Conditions are good: growth accelerated last year at a surprisingly high rate. IOBE expects an increase of up to 9.5%. If confirmed, it will be greater than the 9% drop in 2020. Tourism has recovered dramatically. “In the summer we expected revenues of 40% compared to 2019. Eventually the revenues ranged at 60% of the level of 2019”, says the president of SETE Giannis Retsos. This year, in fact, they are expected to rise to 80% of the 2019 level.

In addition, the manufacturing industry produces and exports more. Fuels are exported, as Greece has expanded the capabilities of the country’s refineries, as well as food, beverages, textiles, leather goods, metal products, chemicals, plastics and pharmaceuticals. “Greece has a lot more to offer than the sun, the mountains and the sea. There is also a fairly large industrial base with a well-trained workforce,” said the Governor of the Bank of Greece.

Unemployment fell to 12.8% last December, the lowest level in 11 years. In April 2021, the unemployment rate was still above 17% and at the peak of the debt crisis, in September 2013, it had reached 28%.

However, more than 1/4 of young people between the ages of 15 and 24 are still unemployed. This alone shows that Greece is still facing difficulties. Most growth forecasts for 2022 are between 4 and 5%, but to be confirmed the country must keep the pandemic under control and the conflict in Ukraine must not turn into war.

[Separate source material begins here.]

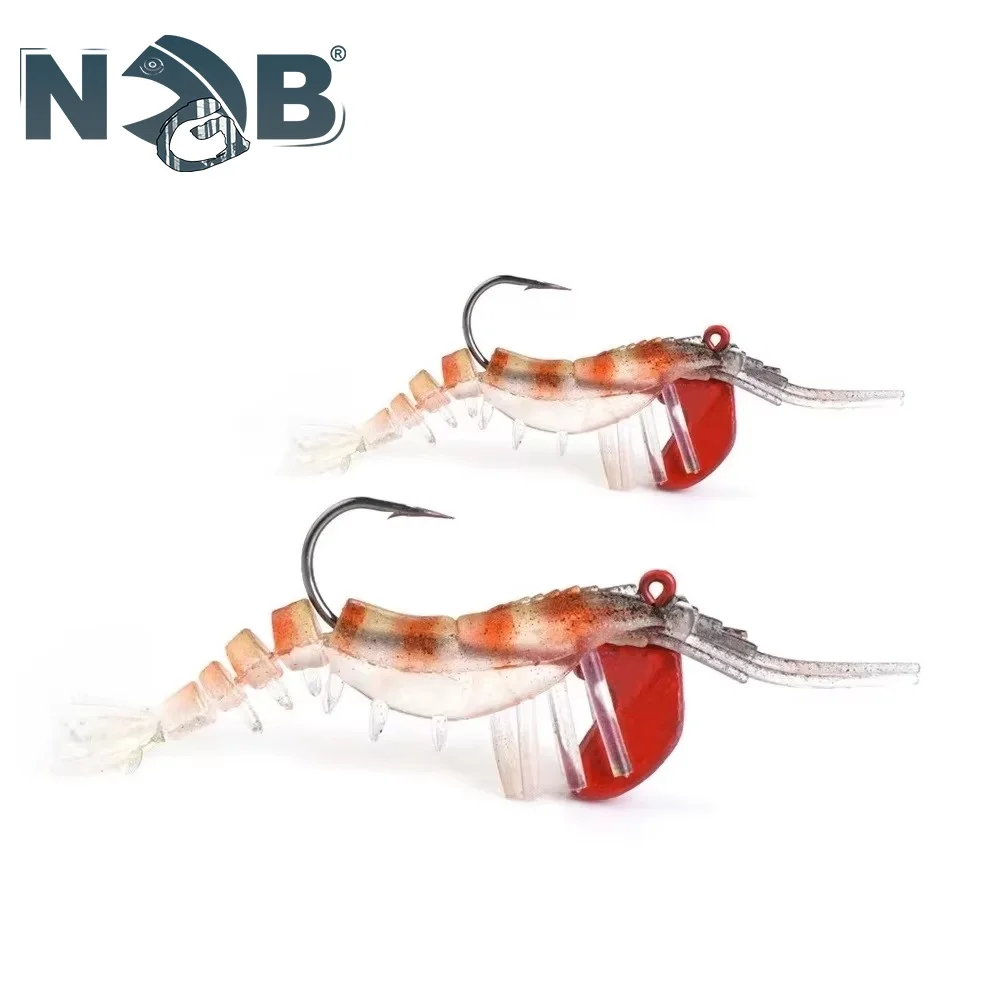 NGB 3PCS 7g 14,5g Jig Kopf Weiche Angeln Lockt Garnelen 7-10cm Tintenfisch Jigging Silikon künstliche Köder Angeln Zubehör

Greeks are already facing difficulties with the sharp rise in energy costs. The opposition SYRIZA, led by Alexis Tsipras, reminds of the problem, constantly blaming the government. Prime Minister Kyriakos Mitsotakis from the New Democracy Liberal-Conservative Party is accused of doing nothing to combat social inequalities. Parliamentary elections will be held in a year and a half at the latest. Mitsotakis’s party is currently leading in the polls, but the possibility can not be ruled out that the Social Democratic PASOK, which is recovering significantly, will form a left-wing coalition government with SYRIZA, which is in second place in the polls. The course of liberal economic reform would end in this case, business circles fear.

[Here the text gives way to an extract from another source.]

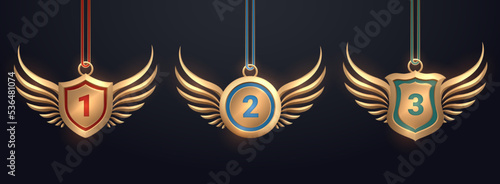 Golden badge collection with gold wings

But the world of economics still has confidence in Mitsotakis’ policy. This year, the Greek Prime Minister wants to reduce the deficit to more than half, reducing it to 4%. Due to the end of the pandemic measures, this can be done. Of course, many structural obstacles remain. Investment in 2019 was the lowest of any EU country and “one of the lowest in the world”, IMF economists said in a report in January. They recovered somewhat last year, but there is still a lot to be done. Greece is also characterized by the operation of many micro-enterprises: 95% of enterprises have less than 10 employees. Often these companies are not even able to present the necessary accounting data to obtain a loan from the banks. “Banks lend to large and medium-sized enterprises, but not yet to small ones. This is a problem, because they are a big part of our economy,” said the central bank governor. He hopes that the European Recovery Fund will help reduce the investment gap in Greece. “However, the funds will not be enough, more private funds are needed”, says the general director of IOBE Nikos Vettas. He described the government’s reform agenda as “mixed”. It would be good “for the government to act faster in order to make public administration and justice more efficient,” he says.